Essa música não seria executada hoje. Seria racismo. Afinal, uma mulata ensaboando conota que as negras são domésticas. Claro que ninguém vai ler a letra para perceber que ela fala que "estou lavando a minha roupa". A música é simples e tem uma característica curiosa. A canção é um canto de trabalho. Música que tem como característica principal a repetição, letra simples e que remete à atividade desenvolvida. Para a época, música normal de um tempo onde não via-se maldade em tudo que escreve-se mas aceita-se coisa pior em outros setores da sociedade (sim, estou falando de novo de todos os políticos, todos).
11. Senhora tentação.
Essa faixa é chamada de "meu drama" mas ficou conhecida como "senhora tentação". Essa é direta também. Ele está apaixonado pela primeira vez e não está conseguindo entender o que é esse sentimento.

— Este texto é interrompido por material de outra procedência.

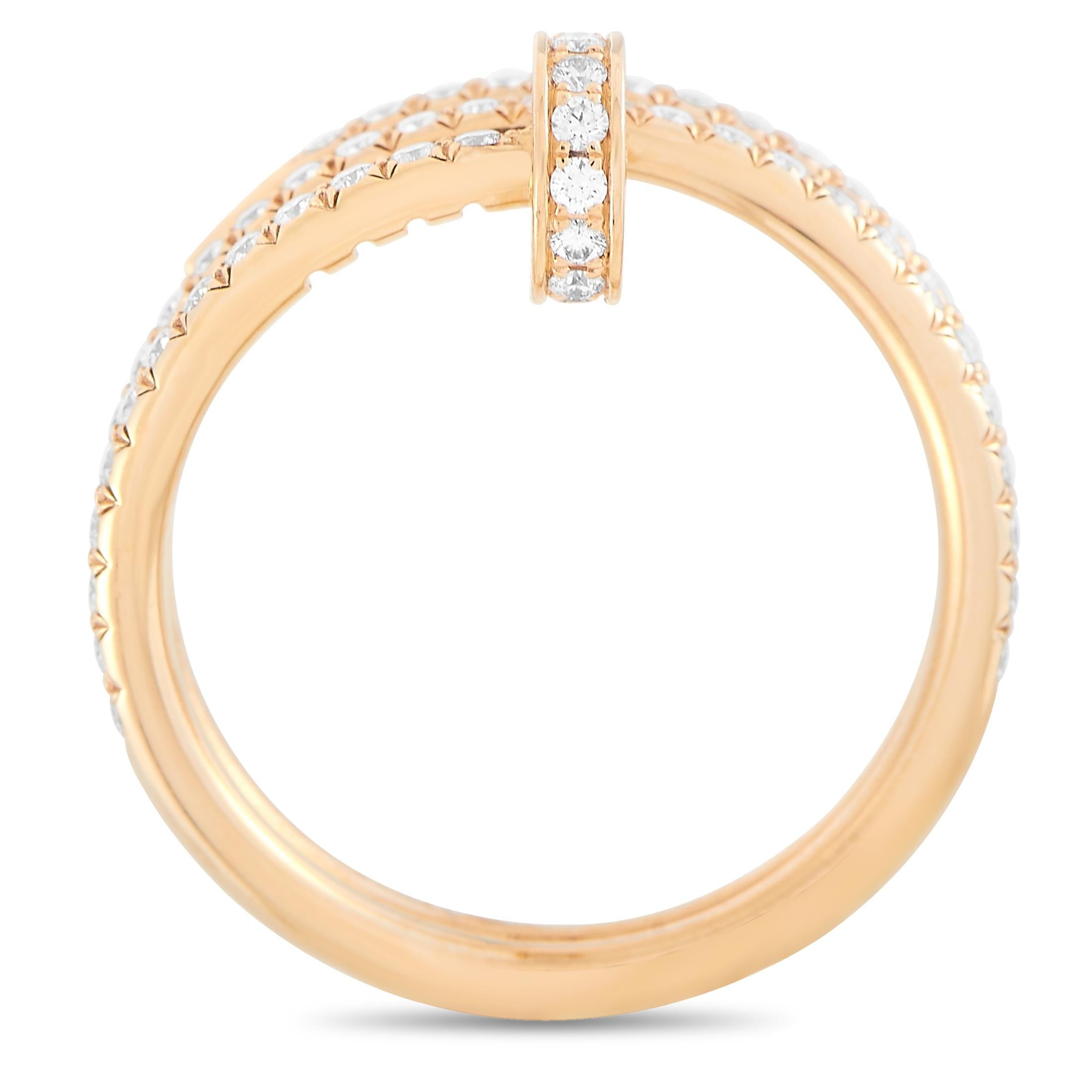 This Cartier Juste Un Clou is an elevated take on one of the luxury brand’s most iconic designs. Adorned with glittering round-cut diamonds, the classic nail shape radiates elegance thanks to the shimmering 18K Rose Gold setting. A breathtaking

Não está acostumado a pensar na pessoa o tempo inteiro, sentir saudades, lembrar do cheiro dela a todo instante, dos olhos, das mãos... tudo confunde a cabeça dele. Até a batatinha frita. Ele lembra que apenas ela pode fazer com que isso passe. Apesar disso, ele ainda duvida se isso é de verdade ou é apenas uma ilusão.
12. Cordas de aço.
Aqui temos o amigo fiel do sambista. O violão. Ele entende porque a tristeza toma conta da alma, porque a alegria sumiu. Aquela mulher, ele acredita, ainda o espera. Um dia, os 3 poderão ir para casa cantando. No momento, apenas ele e o confidente violão conversam sobre esse abandono. Música típica da boemia.